Carver thanked her and replaced the receiver, wondering when he was going to have to buy a cellular phone so he could chat while he drove. He would have to become part of this fast-developing mobile technology or be run over by it. He didn’t want to become road kill on the information superhighway.

He did paperwork until Van Meter called him just before noon.

“Been a long time,” Van Meter said. He must have had a terrific car phone; he sounded as if he were leaning over Carver’s right shoulder, Carver could picture the obese Van Meter with his flowing white beard, half reclined behind the steering wheel of his big Cadillac, his thick arm draped limp-wristed over the top of the wheel. He didn’t know quite how to dress Van Meter in his vision; Van Meter always surprised. He was a flagrant violator of every rule of style and color. He usually looked as if he’d gotten dressed in a kaleidoscope.

“I need some help here in Del Moray,” Carver said.

“That’s the only reason you ever call, because you need help.
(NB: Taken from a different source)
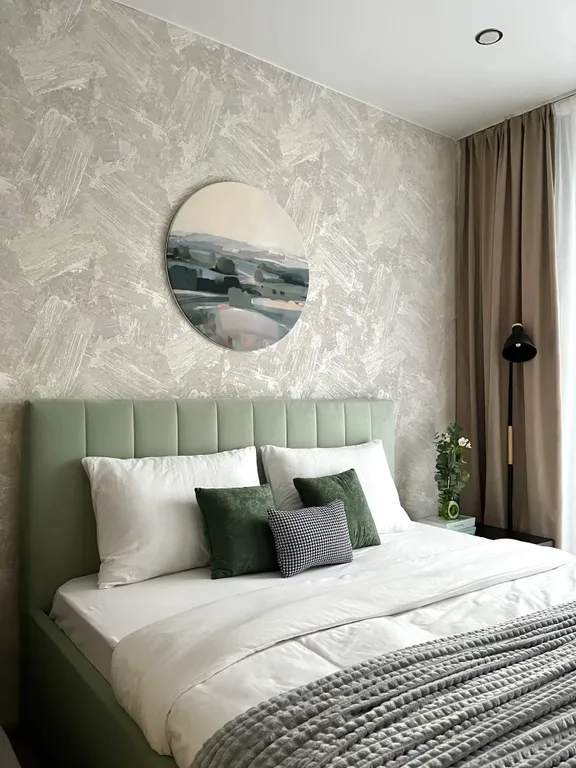 Квартира Уютная квартира от собственника — Красноярск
What kind of pickle are you in this time?”

“I need someone followed, and I can’t do it myself.”

“Why not?”

“I’m following somebody else.”

“What about Beth? She busy too?”

“She’s pr-Yeah, she’s busy, doing a piece for Burrow about the Everglades drying up.”
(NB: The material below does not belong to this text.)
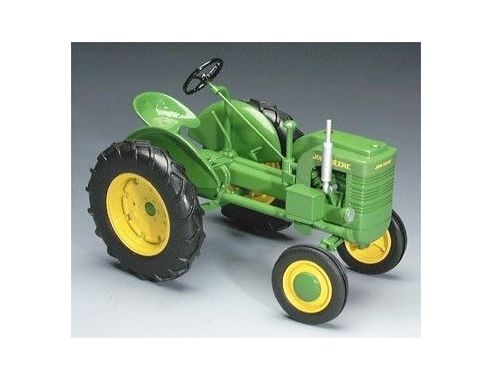SpecCast SPEC173 LA TRACTOR JOHN DEERE 1:16 Modellino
“Good for her. The wetlands are disappearing faster than Disney World is growing. And we need one more’n the other.”

“I didn’t know you were a conservationist.”

“I’m not. I like alligators.”

“As shoes, you mean. What about my request?”

“Well, I got a good man in Orlando can drive over and take up the task. You know Charley Spotto?”

Carver did. Spotto was a brash little man with a huge mustache, gimlet eyes, and the heart of a terrier. “Sure. He’ll do fine.”

From the corner of his eye Carver noticed a black minivan make a right turn into the parking lot.

“Give me the name and address of whoever you want watched,” Van Meter said. “Spotto will be on him like a second skin he doesn’t know he has.”

Carver gave him Brant’s name, then his home and office addresses, as well as a physical description.

“This guy dangerous?” Van Meter asked.

“I don’t know. That’s one thing I’m trying to find out.”

“Okay, Spotto should be there by late afternoon.”

“Usual rate for this, Lloyd?”

“Of course. I didn’t think you were asking for a favor. You’re too proud.”

Carver hung up, thinking that sometimes Van Meter sounded a lot like Beth.

He resumed trying to clear his desk of paperwork, then he suddenly realized he’d slapped lunch and was hungry. Quickly he placed everything in a semblance of order beneath a paperweight that had been a gift from his daughter, Ann. It was one of those glass globes with miniature buildings in it and imitation snowflakes that swirled around when it was shaken. Carver had moved it enough to cause flurries. He sat thinking about Ann in St. Louis, where some winters a lot of snow fell, and long, gray stretches of cold kept it from melting.

The snowfall in the globe held him hypnotized until it ended.

He was reaching for his cane to stand up and go out into the searing Florida heat when the door opened and the biggest man Carver had ever seen ducked his head to enter the office.